TASK INSTRUCTIONS -> Leave the images out. Give every line below again, precisely.

DATA PROVIDED ->
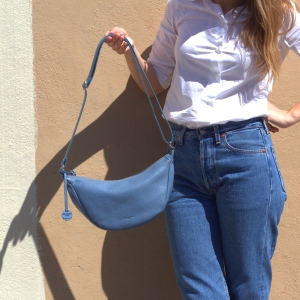 Close-up of mini leather crossbody bag in fairy color, highlighting soft calf pebbled leather and adjustable strap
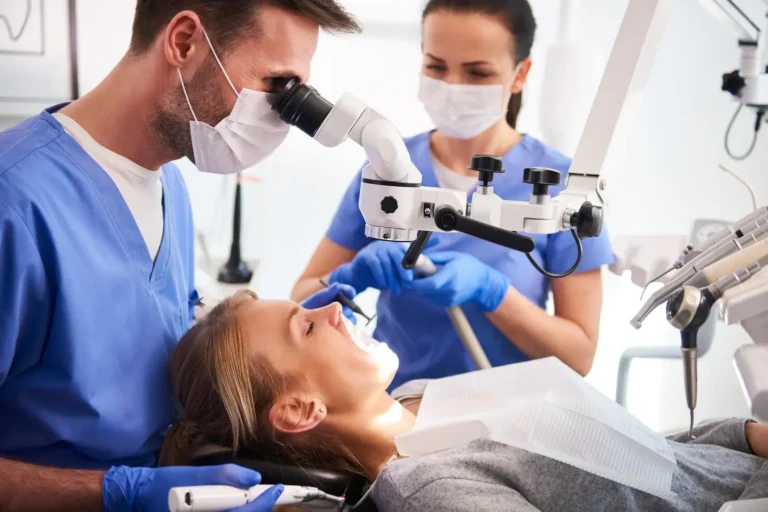 arafed woman with a dentist looking through a microscope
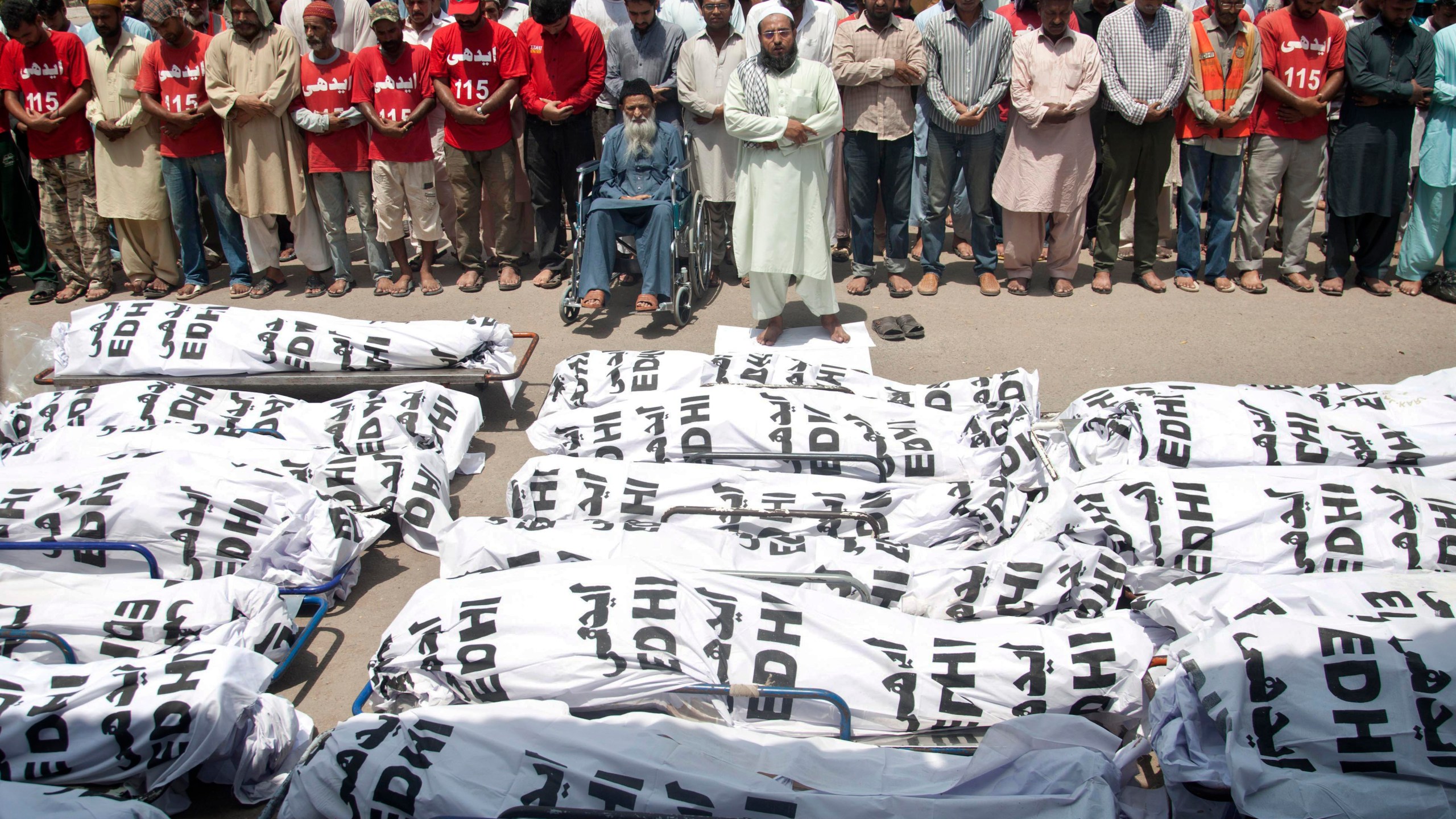 In this June 26, 2015 file photo, mourners attend a funeral for unclaimed people who died of extreme weather in Karachi, Pakistan after a devastating heat wave that struck southern Pakistan the previous weekend, with over 800 confirmed deaths according to a senior health official. A study published in Nature Climate Change on May 31, 2021, has calculated that more than one-third of global heat deaths can directly be attributed to human-caused climate change. (Shakil Adil/Associated Press)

REPLY ->
 Close-up of mini leather crossbody bag in fairy color, highlighting soft calf pebbled leather and adjustable strap
 arafed woman with a dentist looking through a microscope
 In this June 26, 2015 file photo, mourners attend a funeral for unclaimed people who died of extreme weather in Karachi, Pakistan after a devastating heat wave that struck southern Pakistan the previous weekend, with over 800 confirmed deaths according to a senior health official. A study published in Nature Climate Change on May 31, 2021, has calculated that more than one-third of global heat deaths can directly be attributed to human-caused climate change. (Shakil Adil/Associated Press)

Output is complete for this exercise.